# Bacon wrapped tenderloin



## missourismoker (Dec 26, 2021)

Son got his first deer this year and so far it has been excellent.  Did a bacon wrapped tenderloin last night.  Every bit as good as the filet I cooked for my wife.  Slowly working on her resistance to deer meat…ha ha.


----------



## bauchjw (Dec 26, 2021)

Wow, that looks perfect! If you’re going to get someone to eat venison, I don’t think there is a better way! Congrats on your sons first deer!


----------



## missourismoker (Dec 26, 2021)

Thank you sir!


----------



## smokerjim (Dec 26, 2021)

Looks excellant


----------



## JLeonard (Dec 26, 2021)

Nothing like a little bacon wrapped free range all organic meat. Thats looks excellent. 
Jim


----------



## Colin1230 (Dec 26, 2021)

Great looking cook! And congrats to your son.


----------



## WaterinHoleBrew (Dec 26, 2021)

Wow, phenomenal job on that venison… cooked to perfection!  

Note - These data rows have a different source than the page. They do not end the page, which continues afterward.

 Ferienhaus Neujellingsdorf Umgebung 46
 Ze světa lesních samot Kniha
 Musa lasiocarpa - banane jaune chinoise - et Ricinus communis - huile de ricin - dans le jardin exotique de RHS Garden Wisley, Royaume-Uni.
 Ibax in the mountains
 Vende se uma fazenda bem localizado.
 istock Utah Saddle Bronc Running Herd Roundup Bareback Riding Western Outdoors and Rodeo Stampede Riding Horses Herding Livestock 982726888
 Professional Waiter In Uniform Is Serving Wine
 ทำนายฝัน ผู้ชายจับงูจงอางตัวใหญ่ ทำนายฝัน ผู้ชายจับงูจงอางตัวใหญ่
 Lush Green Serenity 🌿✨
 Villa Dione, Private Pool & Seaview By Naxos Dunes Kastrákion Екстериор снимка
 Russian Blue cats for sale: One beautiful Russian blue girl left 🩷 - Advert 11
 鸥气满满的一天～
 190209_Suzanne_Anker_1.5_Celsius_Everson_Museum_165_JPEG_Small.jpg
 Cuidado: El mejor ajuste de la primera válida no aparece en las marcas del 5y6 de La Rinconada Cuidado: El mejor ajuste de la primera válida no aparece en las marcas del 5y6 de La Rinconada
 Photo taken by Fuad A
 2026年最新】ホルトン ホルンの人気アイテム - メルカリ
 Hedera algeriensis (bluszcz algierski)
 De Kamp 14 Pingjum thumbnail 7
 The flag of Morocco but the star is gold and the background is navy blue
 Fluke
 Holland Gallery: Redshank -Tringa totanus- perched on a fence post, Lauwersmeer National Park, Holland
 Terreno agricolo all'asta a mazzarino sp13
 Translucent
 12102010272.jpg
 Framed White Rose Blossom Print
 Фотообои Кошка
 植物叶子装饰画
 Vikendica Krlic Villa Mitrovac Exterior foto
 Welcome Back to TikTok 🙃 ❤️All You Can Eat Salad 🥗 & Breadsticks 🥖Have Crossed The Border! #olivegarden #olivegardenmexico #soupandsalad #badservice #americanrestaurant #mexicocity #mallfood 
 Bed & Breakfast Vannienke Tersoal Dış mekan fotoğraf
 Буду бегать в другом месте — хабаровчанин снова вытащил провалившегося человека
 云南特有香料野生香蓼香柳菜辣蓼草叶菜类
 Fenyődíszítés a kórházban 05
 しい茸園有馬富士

Also, congrats to your son… that is awesome!


----------



## missourismoker (Dec 26, 2021)

Thanks guys!

this was my first cook with venison tenderloin.  I just smoked it until about 130 IT and then went direct flame for 30 sec or so per side to make the bacon crispy.  Curious to see what the preferred method you guys use for venison.  I was paranoid about drying it out so I felt like I could control that better this way.


----------